* **What to work on**
Every record below is to be retyped exactly, with any pictures left out.

* **Given records**
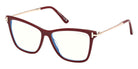 Tom Ford FT6097-B 069 53 - Shiny Bordeaux / Blue Filter #id:ft6097b069_s:106105
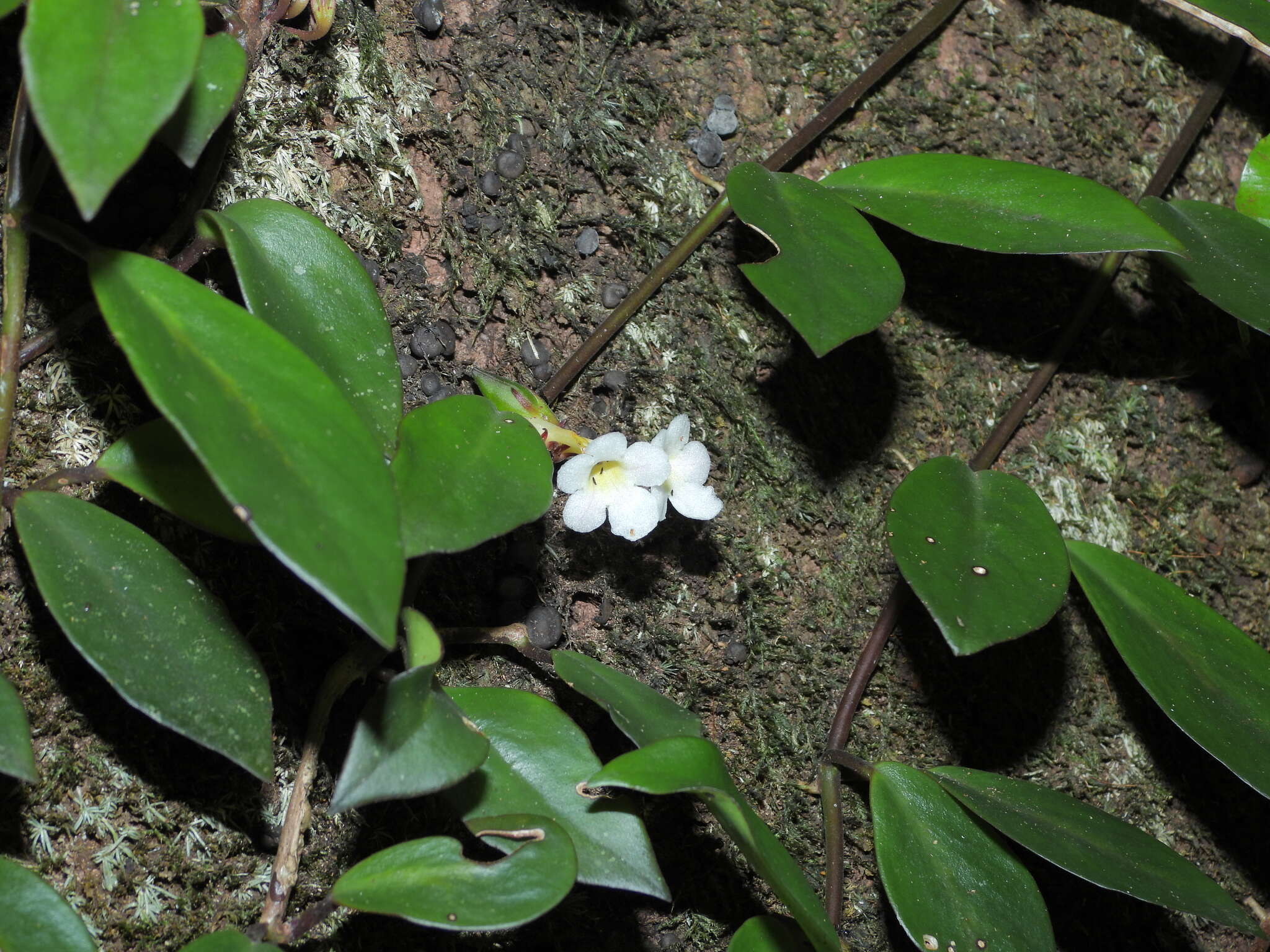 Image of <i>Codonanthopsis crassifolia</i>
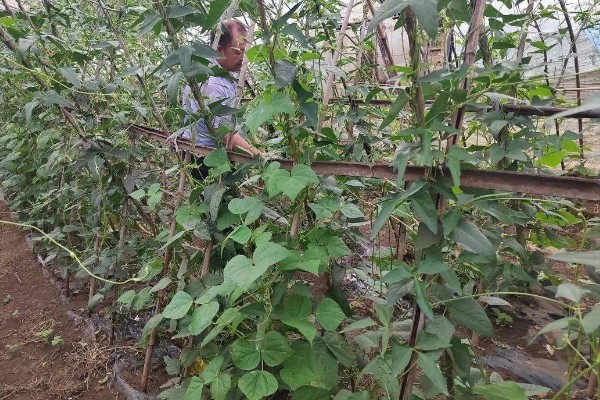 豇豆高产方法，结荚期亩施1000公斤农家肥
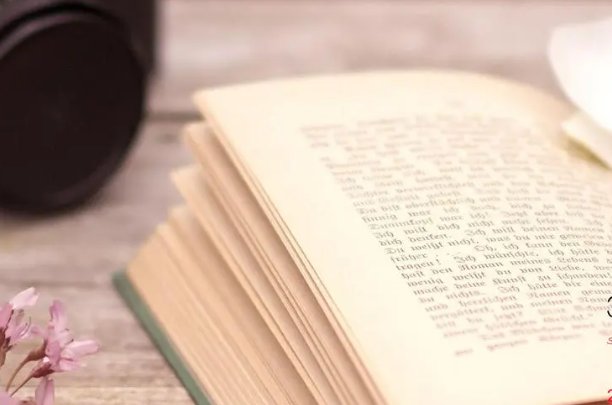 貌不惊人打一正确动物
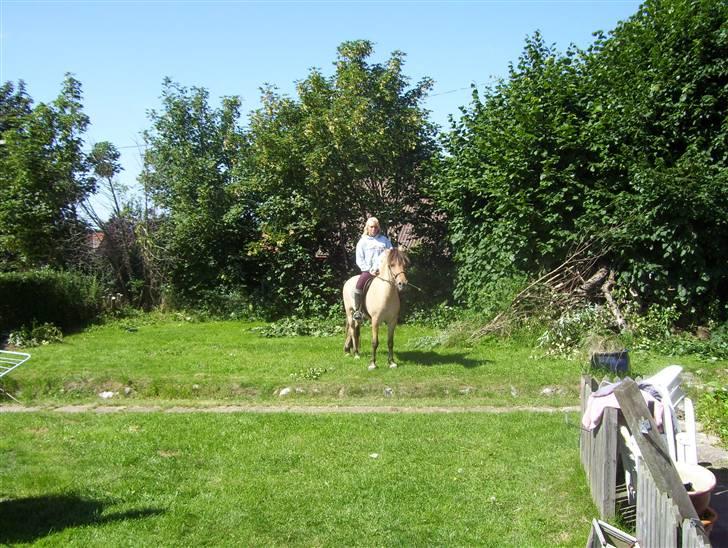 Anden særlig race Perle billede 8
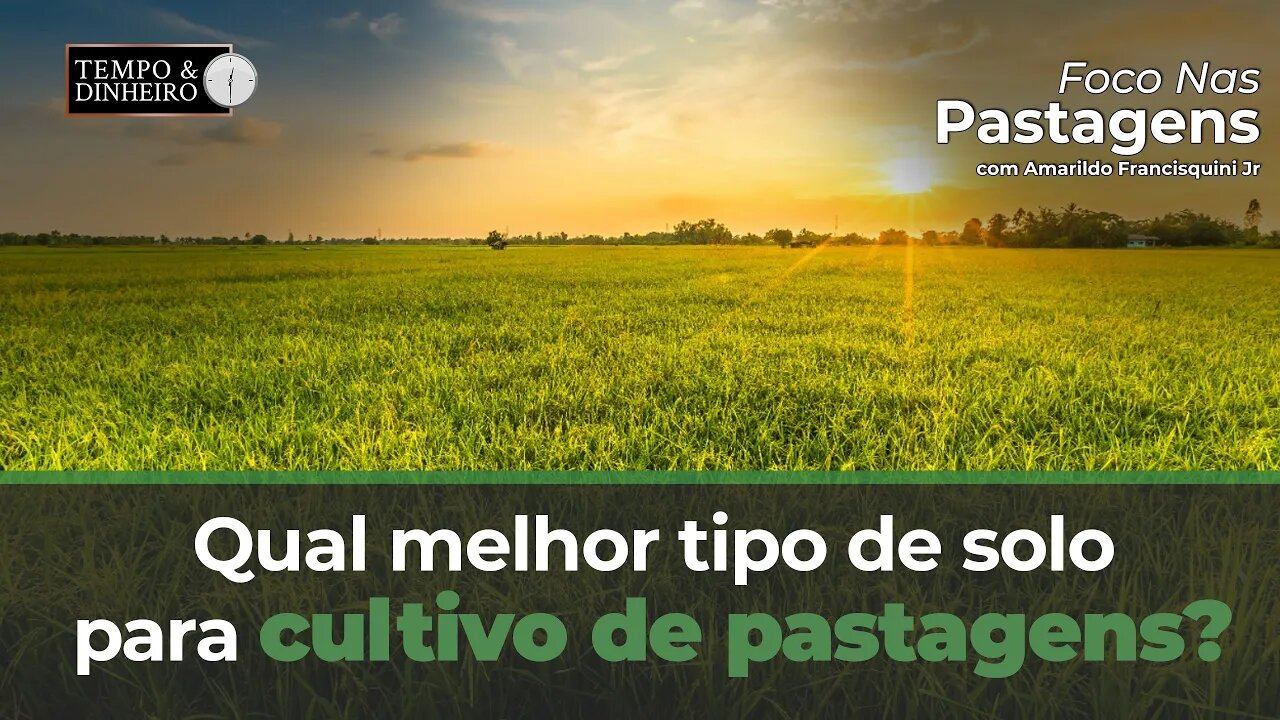 Foco nas Pastagens : Qual melhor tipo de solo para cultivo de pastagens?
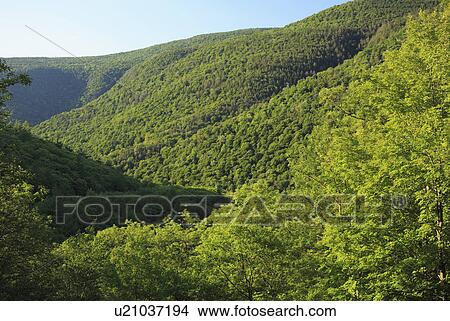 Picture - Forest covered mountain range in sunlight. Fotosearch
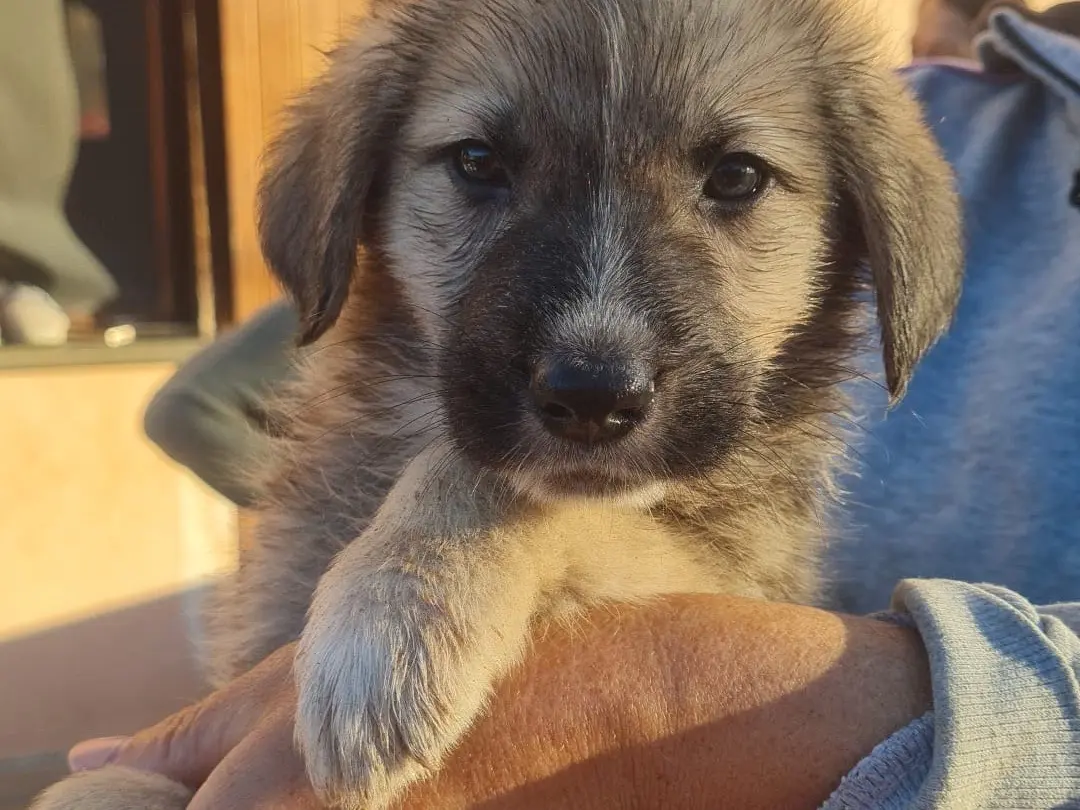 Adotta un cane, maschio, 2 mesi, Vibo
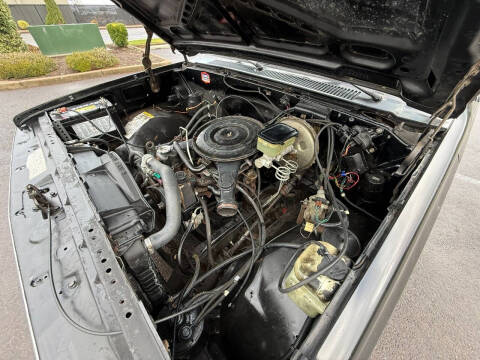 1982 GMC C/K 1500 Series C1500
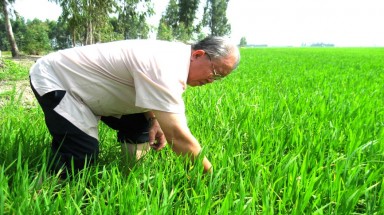 Vĩnh biệt nhà khoa học lớn của thương hiệu nông sản Việt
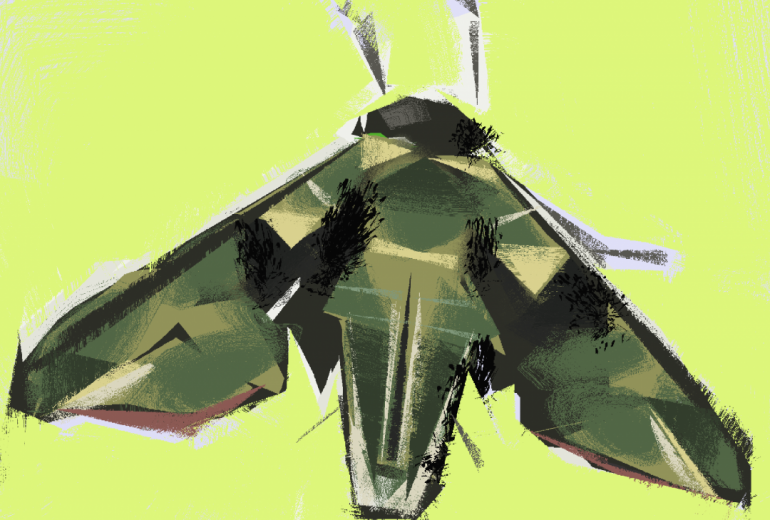 ウンモンスズメ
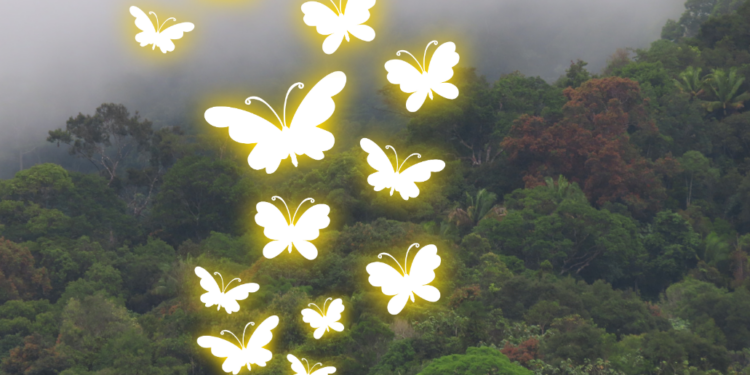 ‘Butterfly Effect’, Teori Holistik, dan Peta Kesadaran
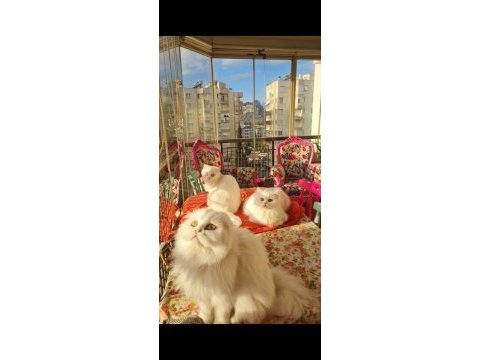 3 yetişkin kaliteli dişi antalya british
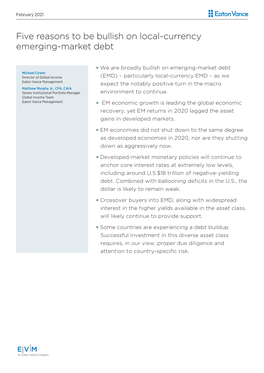 Five Reasons to Be Bullish on Local-Currency Emerging-Market Debt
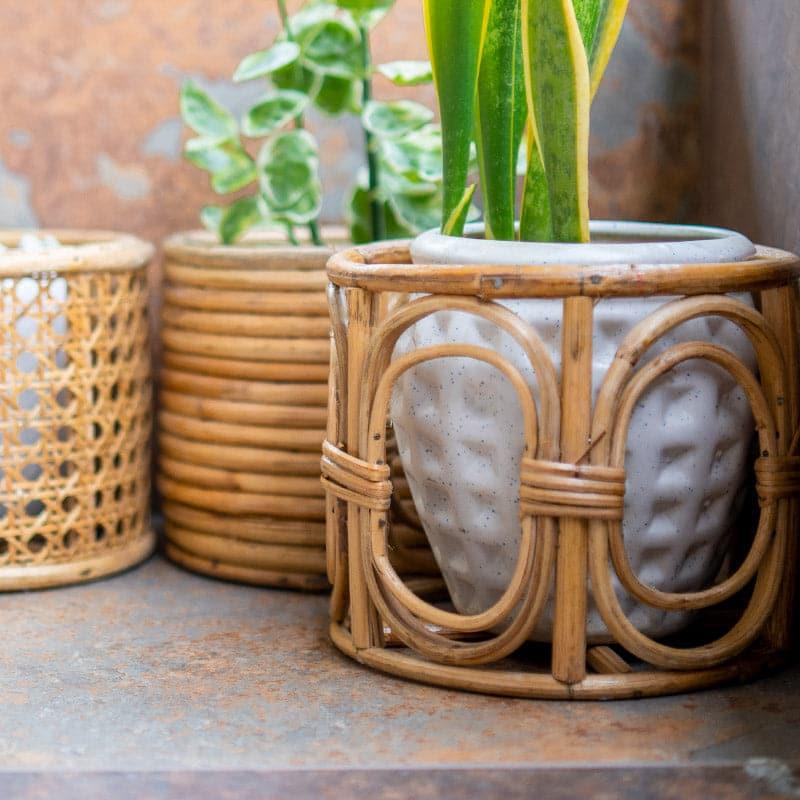 Buy Sawyer Natural Fibre Planter Pots & Planters from Vaaree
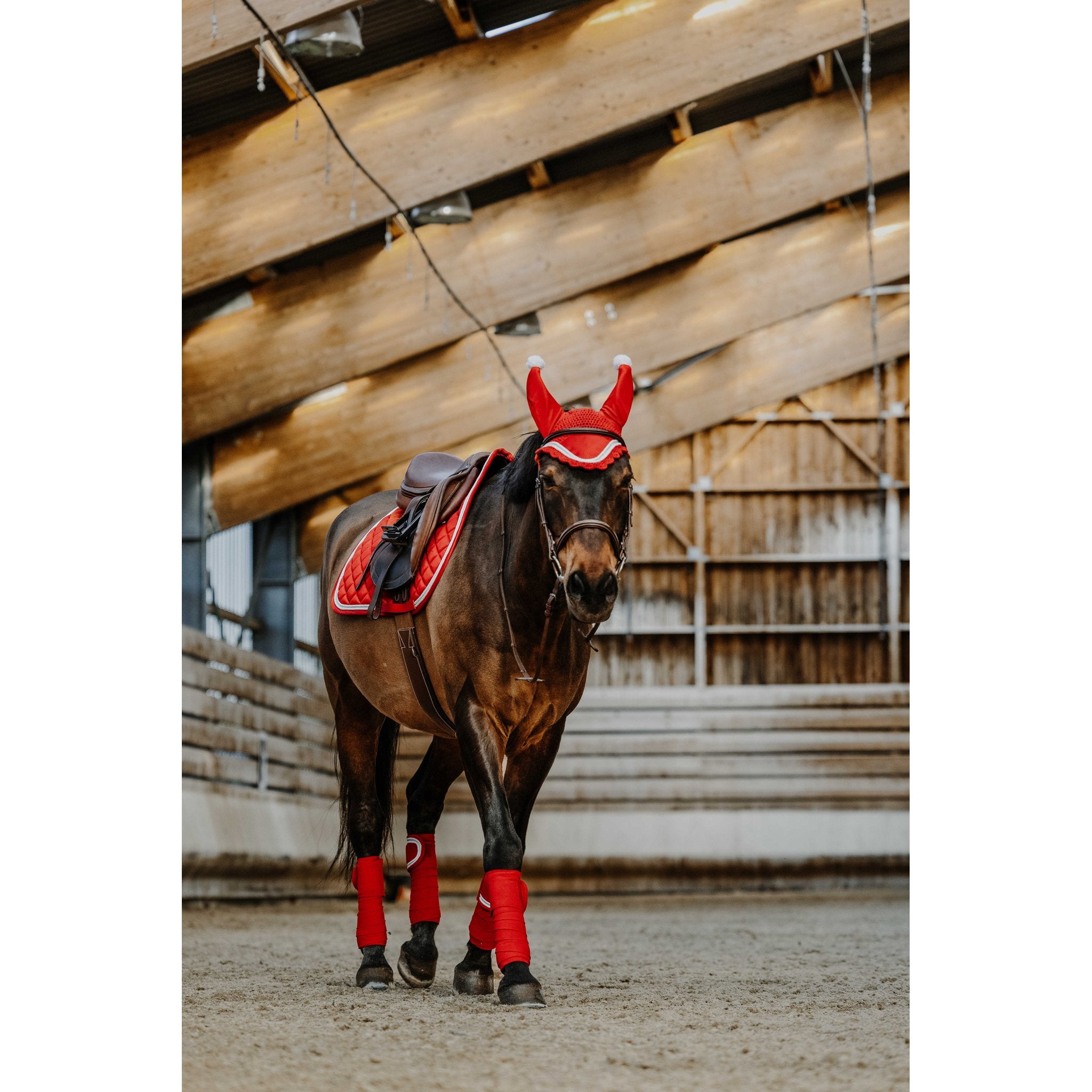 Equitheme X-mas lindor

* **Expected answer**
 Tom Ford FT6097-B 069 53 - Shiny Bordeaux / Blue Filter #id:ft6097b069_s:106105
 Image of <i>Codonanthopsis crassifolia</i>
 豇豆高产方法，结荚期亩施1000公斤农家肥
 貌不惊人打一正确动物
 Anden særlig race Perle billede 8
 Foco nas Pastagens : Qual melhor tipo de solo para cultivo de pastagens?
 Picture - Forest covered mountain range in sunlight. Fotosearch
 Adotta un cane, maschio, 2 mesi, Vibo
 1982 GMC C/K 1500 Series C1500
 Vĩnh biệt nhà khoa học lớn của thương hiệu nông sản Việt
 ウンモンスズメ
 ‘Butterfly Effect’, Teori Holistik, dan Peta Kesadaran
 3 yetişkin kaliteli dişi antalya british
 Five Reasons to Be Bullish on Local-Currency Emerging-Market Debt
 Buy Sawyer Natural Fibre Planter Pots & Planters from Vaaree
 Equitheme X-mas lindor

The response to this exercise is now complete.